Environment and Engineering Sections

No Mere Diversion

Springfield Municipal Recycling Facility Marks 25 Years in Operation

Mass. Department of Environmental Protection (MassDEP) leaders recently joined local, state, and federal officials to celebrate the 25th anniversary of the Springfield Municipal Recycling Facility (MRF). The Springfield MRF is owned by MassDEP, operated by Waste Management Inc., and counts 75 Western Mass. communities as members.  

Over the past quarter-century, member towns have recycled and diverted more than 1 million tons of material, saved more than $62 million in avoided trash-disposal costs, and received approximately $14.5 million in revenue from the Springfield MRF due to the sale of the recycled materials on the open market.

“The success of the Springfield MRF was made possible by the state and community partners working in tandem to create a successful, scalable resource for thousands of residents,” said MassDEP Commissioner David Cash. “The MRF is the perfect combination of environmental protection through waste diversion and economic growth through the sale of valuable materials.”

The 25th-anniversary celebration was held at the Delaney House in Holyoke, and guests included state Rep. Stephen Kulik and Greg Superneau, chair of the Springfield MRF advisory board.

“All of us in Western Massachusetts can be proud that, for 25 years, we have led the way with effective municipal recycling programs in the Commonwealth,” Kulik said. “The revenues that come back to cities and towns from the MRF have saved local taxpayers millions of dollars, and we are reusing materials that used to be buried in landfills. Our recycling success has created jobs, saved money, and created a cleaner and healthier environment.”
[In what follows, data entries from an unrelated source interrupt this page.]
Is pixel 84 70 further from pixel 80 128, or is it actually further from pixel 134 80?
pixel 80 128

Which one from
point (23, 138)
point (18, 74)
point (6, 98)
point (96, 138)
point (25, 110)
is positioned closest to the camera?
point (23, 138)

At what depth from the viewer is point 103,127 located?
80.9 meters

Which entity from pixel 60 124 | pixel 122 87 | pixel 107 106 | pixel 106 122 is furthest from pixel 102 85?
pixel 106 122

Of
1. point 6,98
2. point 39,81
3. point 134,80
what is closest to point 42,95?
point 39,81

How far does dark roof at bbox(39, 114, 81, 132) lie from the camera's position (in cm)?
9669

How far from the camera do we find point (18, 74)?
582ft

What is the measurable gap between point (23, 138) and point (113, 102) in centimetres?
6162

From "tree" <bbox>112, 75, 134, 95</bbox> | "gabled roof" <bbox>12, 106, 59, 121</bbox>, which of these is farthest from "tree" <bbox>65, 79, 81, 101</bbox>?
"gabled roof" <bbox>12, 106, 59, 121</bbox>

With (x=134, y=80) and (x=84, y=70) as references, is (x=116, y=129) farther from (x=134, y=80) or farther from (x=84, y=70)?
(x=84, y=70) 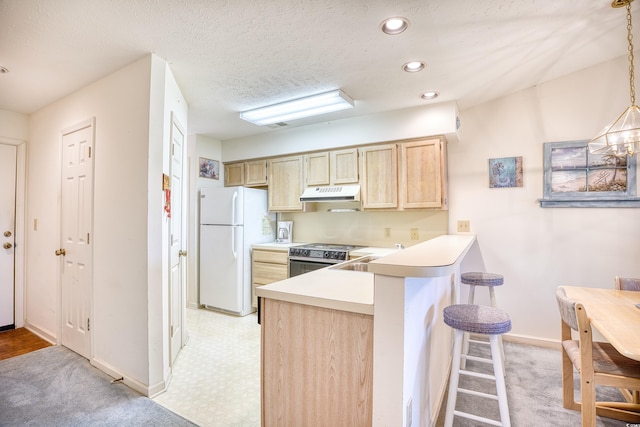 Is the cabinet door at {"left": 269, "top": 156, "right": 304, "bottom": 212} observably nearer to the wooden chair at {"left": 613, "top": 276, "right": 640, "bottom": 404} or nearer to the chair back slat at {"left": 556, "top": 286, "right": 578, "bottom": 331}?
the chair back slat at {"left": 556, "top": 286, "right": 578, "bottom": 331}

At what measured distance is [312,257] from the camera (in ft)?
11.5

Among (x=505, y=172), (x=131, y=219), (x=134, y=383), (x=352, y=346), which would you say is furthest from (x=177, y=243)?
(x=505, y=172)

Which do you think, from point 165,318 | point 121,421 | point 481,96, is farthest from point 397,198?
point 121,421

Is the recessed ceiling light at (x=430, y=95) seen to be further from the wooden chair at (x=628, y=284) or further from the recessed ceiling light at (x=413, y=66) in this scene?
the wooden chair at (x=628, y=284)

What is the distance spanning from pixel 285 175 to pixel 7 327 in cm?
357

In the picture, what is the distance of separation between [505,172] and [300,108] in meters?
2.19

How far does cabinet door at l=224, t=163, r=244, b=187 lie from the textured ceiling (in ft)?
4.72

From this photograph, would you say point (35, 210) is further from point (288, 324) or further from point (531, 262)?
point (531, 262)

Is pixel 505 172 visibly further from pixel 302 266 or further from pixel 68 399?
pixel 68 399

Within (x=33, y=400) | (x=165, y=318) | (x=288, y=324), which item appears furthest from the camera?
(x=165, y=318)

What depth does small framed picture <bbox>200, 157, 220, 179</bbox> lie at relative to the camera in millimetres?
4254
Added Superneau, “this anniversary stands as a testament to the spirit of cooperation from all of our MRF community members.”
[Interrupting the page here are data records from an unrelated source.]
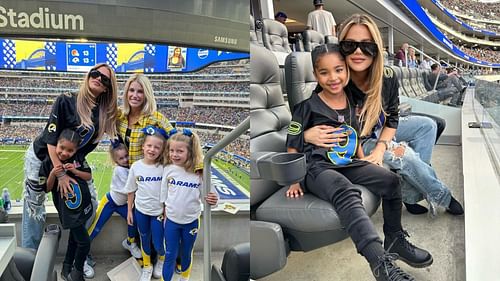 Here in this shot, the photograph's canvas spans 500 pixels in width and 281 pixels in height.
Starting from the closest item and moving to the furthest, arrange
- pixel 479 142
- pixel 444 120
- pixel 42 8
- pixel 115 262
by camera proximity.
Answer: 1. pixel 444 120
2. pixel 479 142
3. pixel 42 8
4. pixel 115 262

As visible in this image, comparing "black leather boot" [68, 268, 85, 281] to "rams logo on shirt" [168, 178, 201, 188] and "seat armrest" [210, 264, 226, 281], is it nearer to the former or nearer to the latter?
"rams logo on shirt" [168, 178, 201, 188]

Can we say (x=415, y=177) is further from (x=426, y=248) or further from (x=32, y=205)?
(x=32, y=205)

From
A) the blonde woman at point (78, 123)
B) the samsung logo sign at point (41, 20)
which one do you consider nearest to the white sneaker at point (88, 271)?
the blonde woman at point (78, 123)

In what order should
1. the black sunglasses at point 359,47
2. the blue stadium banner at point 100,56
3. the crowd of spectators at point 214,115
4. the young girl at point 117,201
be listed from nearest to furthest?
the black sunglasses at point 359,47 < the crowd of spectators at point 214,115 < the blue stadium banner at point 100,56 < the young girl at point 117,201

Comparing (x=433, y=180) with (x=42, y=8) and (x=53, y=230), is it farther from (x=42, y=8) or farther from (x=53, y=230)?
(x=53, y=230)

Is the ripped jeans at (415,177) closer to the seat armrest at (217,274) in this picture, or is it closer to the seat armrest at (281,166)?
the seat armrest at (281,166)

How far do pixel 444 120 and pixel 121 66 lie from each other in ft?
3.97

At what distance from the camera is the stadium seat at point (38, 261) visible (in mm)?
1452

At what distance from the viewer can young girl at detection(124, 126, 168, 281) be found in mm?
1502

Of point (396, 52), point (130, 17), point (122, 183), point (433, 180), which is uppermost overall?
point (130, 17)

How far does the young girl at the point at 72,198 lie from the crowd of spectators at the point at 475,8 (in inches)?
52.4

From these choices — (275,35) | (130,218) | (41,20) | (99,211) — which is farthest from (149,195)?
(275,35)

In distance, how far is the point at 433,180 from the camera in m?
0.64

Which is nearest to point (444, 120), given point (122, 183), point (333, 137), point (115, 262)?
point (333, 137) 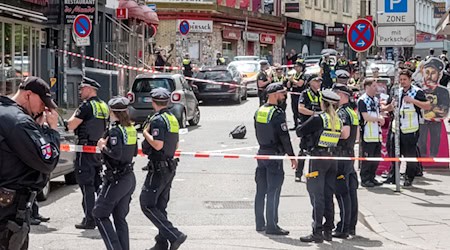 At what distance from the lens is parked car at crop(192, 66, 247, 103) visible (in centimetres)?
3133

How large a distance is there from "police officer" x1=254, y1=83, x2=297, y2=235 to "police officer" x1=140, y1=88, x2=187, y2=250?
1.44m

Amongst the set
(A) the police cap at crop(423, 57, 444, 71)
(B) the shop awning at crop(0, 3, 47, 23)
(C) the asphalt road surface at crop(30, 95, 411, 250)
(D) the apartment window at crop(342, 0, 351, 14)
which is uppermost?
(D) the apartment window at crop(342, 0, 351, 14)

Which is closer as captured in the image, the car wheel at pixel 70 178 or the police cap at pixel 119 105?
the police cap at pixel 119 105

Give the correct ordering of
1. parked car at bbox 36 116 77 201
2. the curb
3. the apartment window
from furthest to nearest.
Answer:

In the fall of 1989, MassDEP provided the bricks and mortar to build the Springfield MRF. By the end of 1989, the first cities and towns in Western Mass. delivered their newspaper, glass, steel, and aluminum cans for processing. Since 1995, the MRF has consistently turned a profit that continues to pay municipalities a reliable revenue source from the sale of their recyclables.

“I am proud of the partnership we have had with MassDEP and our communities over the years,” said Chris Lucarelle, area recycling operations director for Waste Management. “We have not only played the role of an operator, but have had the opportunity to be an innovator as well. Through the advisory board, we will continue to work with the members to advance our capabilities with the common goal of recycling more and wasting less. We look forward to continuing our partnership for years to come.”
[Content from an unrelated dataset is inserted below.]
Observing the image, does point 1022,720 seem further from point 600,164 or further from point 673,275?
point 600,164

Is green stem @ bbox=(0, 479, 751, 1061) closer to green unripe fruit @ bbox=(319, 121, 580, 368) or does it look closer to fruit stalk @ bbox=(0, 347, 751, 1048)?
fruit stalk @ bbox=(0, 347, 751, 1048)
The communities are represented by municipal delegates on the advisory board, which acts as a liaison between the MRF and its member communities and works to increase the quality and quantity of recyclables coming into the facility. Over the years, the board has provided communities with recycling bins, mini-grant funding, educational materials, and long-term planning for regional recycling.

“Simply put, the completion of the Springfield MRF in 1989 was one of my signature accomplishments as mayor of Springfield,” U.S. Rep. Richard Neal noted in written remarks delivered to the anniversary celebration. “Twenty-five years later, I am still proud that the inaugural recycling center in Massachusetts was built in the City of Firsts. Now serving 75 communities in the region, the facility reinforced our legacy of innovation, and helped clean and protect the environment in the process. With this bold initiative a quarter of a century ago, we put ourselves on the forefront of the clean-energy movement.”